Go to a state that touches yours. Don't think you can afford a vacation across the world? How about across the state? By driving a few hours to a bordering city in another state, you can get the feel of an exciting adventure with little time and monetary commitment.
Spring for the kitchenette. By booking either a kitchenette hotel room or choosing a small housekeeping cabin, you will have the freedom of grocery shopping when you arrive at your vacation spot. This will enable you to be in full control of how much you eat out. Of course, you'll still want to indulge in a restaurant or two–but doing most of the cooking in your room will end up saving you tons of cash. Yet another miserly twist–be sure to bring along an ice chest and an electric frying pan. Some motels offer small refrigerators and microwaves in the rooms as well. Do your homework and opt for foods which are a bit easier to cook–you are on vacation, after all!
Plan for only one admission-based activity. Our family opted to visit South Dakota for its unique Reptile Gardens facility. We purposefully planned our weeks stay and included only two admission-based activities in our itinerary. We enjoyed cave-discovering hikes, traveled the streets of local historic towns, and were even blessed with a binocular view of ten prancing deer running along the base of the beautiful South Dakota mountains–all completely free!
Get in that car, and go!
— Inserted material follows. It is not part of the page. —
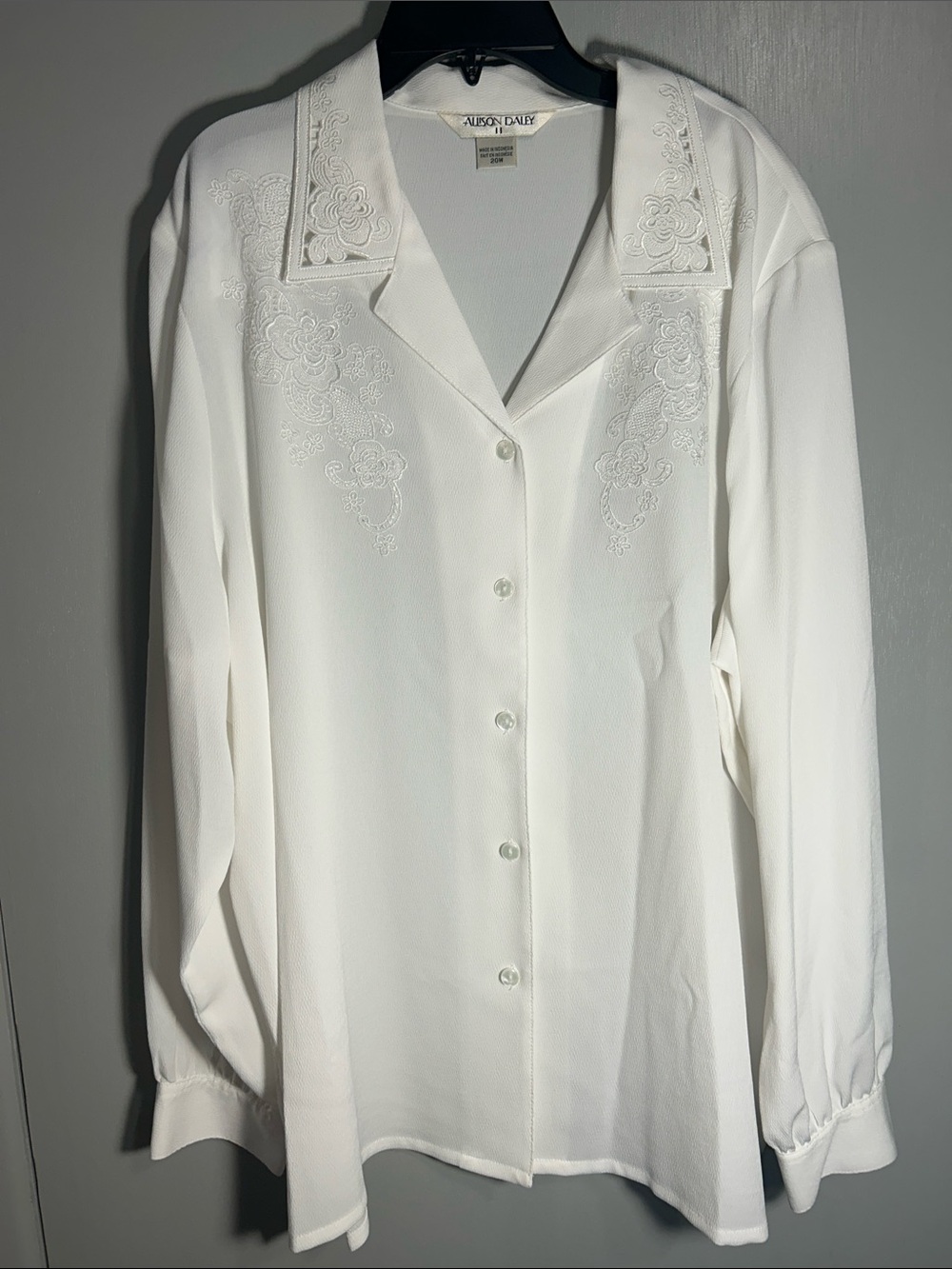 NWOT Allison Daley White Embroidered Button Up Blouse Top 20W Lace Vintage Plus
The cost of gas is certainly much less than the cost of your entire family's airline tickets. For a ten hour drive round-trip, you may have to fill your gas tank only 6-7 times. Compare this cost to the average airline ticket price of $350.00 per person. If the wear and tear on your vehicle really bugs you...renting a car is still a cost-effective way to travel by highway. Road trips also allow you to see many things you would certainly miss from the sky.
Stay in your own state. Don't forget the wonderful tourist possibilities in remote locations of your very own state. There are bound to be attractions in tiny towns you've never been to–or better yet–never even heard of! In my opinion, the smaller and older the town, the better. Many local cities offer unique namesakes such as “Home of the World’s Biggest Ball of Twine.” Now, how many people can say they’ve traveled from afar to see that?
Take a mini-vacation. Our family thoroughly enjoys what we like to term mini-vacations. This is simply a one-night stay in any city and in any hotel with a swimming pool. Even if you are only a few miles away from home, just being out of your native environment for one measly night has the ability to revive the spirit. This type of vacation is an ideal winter get-away.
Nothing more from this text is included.